#### DATA UNDER STUDY ####
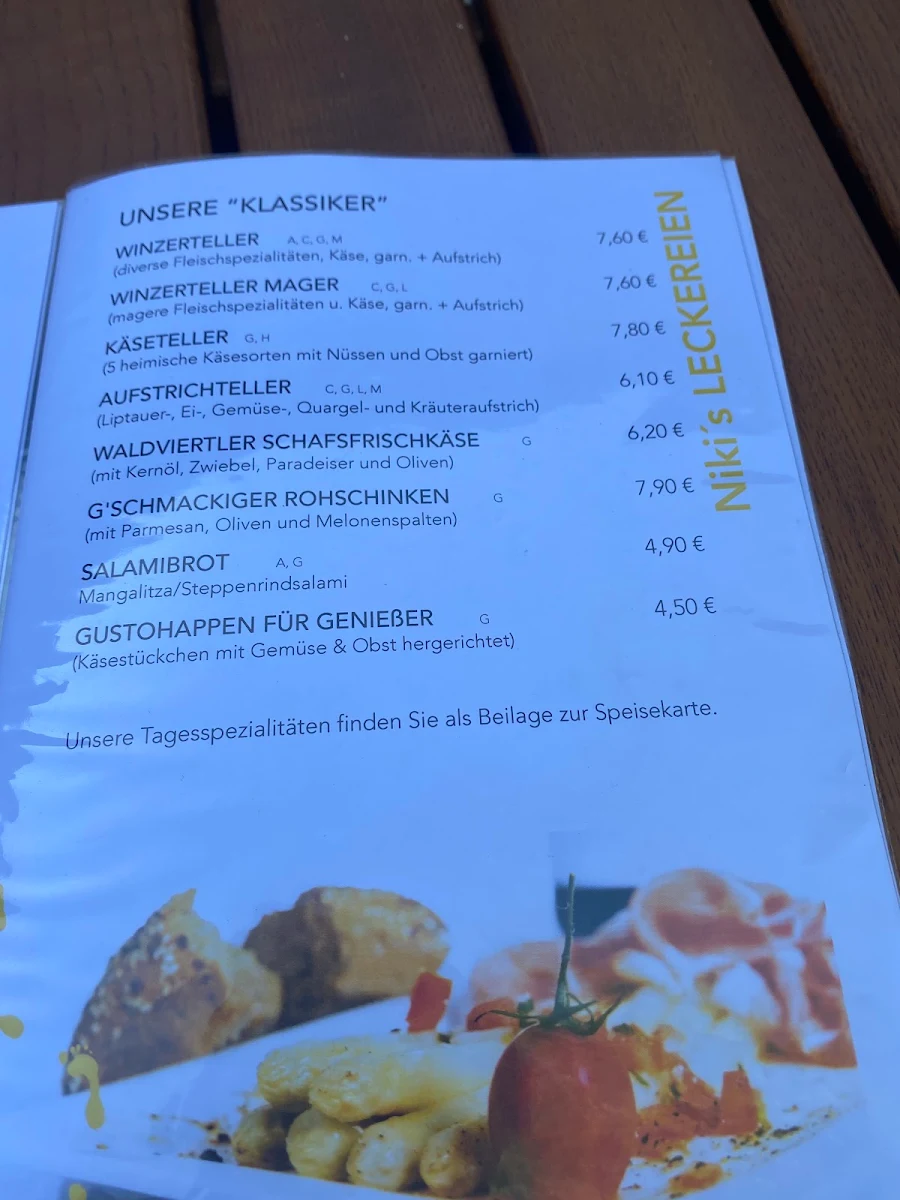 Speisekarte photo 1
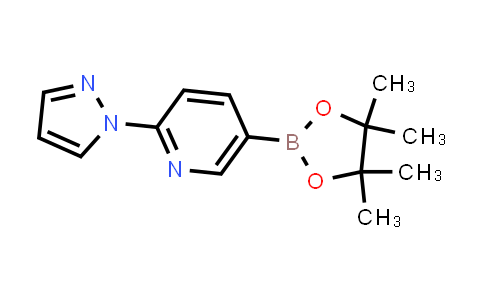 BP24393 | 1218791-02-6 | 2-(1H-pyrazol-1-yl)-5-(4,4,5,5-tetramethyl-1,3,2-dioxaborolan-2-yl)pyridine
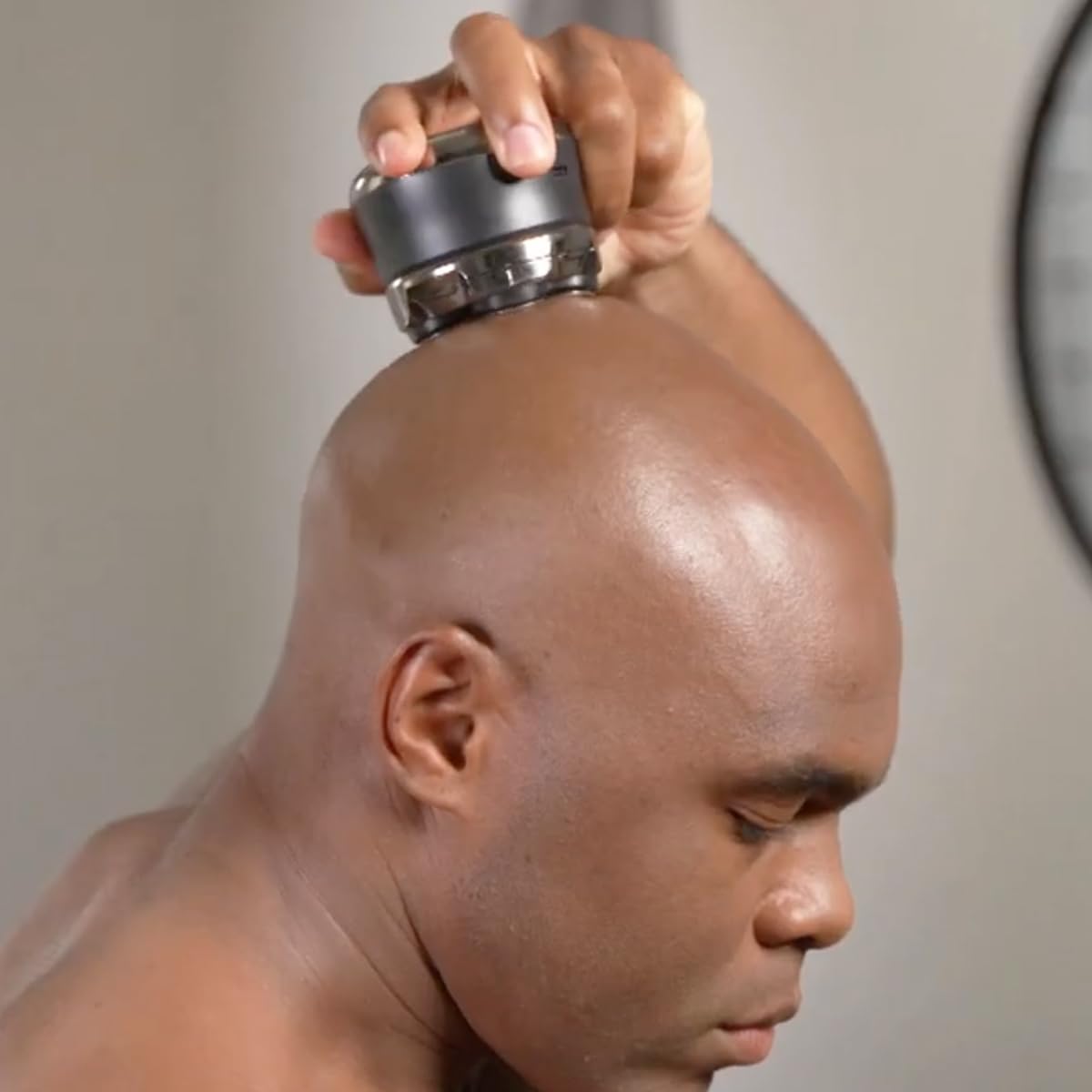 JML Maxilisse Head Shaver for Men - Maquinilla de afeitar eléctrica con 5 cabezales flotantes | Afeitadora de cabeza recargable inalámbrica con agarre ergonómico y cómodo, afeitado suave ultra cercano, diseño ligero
####
#### DATA UNDER STUDY ####
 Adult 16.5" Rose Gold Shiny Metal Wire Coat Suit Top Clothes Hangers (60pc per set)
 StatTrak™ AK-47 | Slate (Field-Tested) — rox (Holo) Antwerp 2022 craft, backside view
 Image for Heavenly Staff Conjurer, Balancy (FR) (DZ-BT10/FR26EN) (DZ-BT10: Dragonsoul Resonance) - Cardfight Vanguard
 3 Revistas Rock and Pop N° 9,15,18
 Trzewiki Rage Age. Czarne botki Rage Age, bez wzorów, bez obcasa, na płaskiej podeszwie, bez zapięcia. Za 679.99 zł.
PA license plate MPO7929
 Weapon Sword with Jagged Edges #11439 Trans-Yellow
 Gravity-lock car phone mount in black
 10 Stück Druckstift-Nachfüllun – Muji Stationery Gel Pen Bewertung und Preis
####
WHAT YOU NEED TO DO | Referring to the material above, set down exactly the lines between the line with "Image for Heavenly" and the line with "PA license plate MPO7929", inclusive, and no other lines.

YOUR SOLUTION |
 Image for Heavenly Staff Conjurer, Balancy (FR) (DZ-BT10/FR26EN) (DZ-BT10: Dragonsoul Resonance) - Cardfight Vanguard
 3 Revistas Rock and Pop N° 9,15,18
 Trzewiki Rage Age. Czarne botki Rage Age, bez wzorów, bez obcasa, na płaskiej podeszwie, bez zapięcia. Za 679.99 zł.
PA license plate MPO7929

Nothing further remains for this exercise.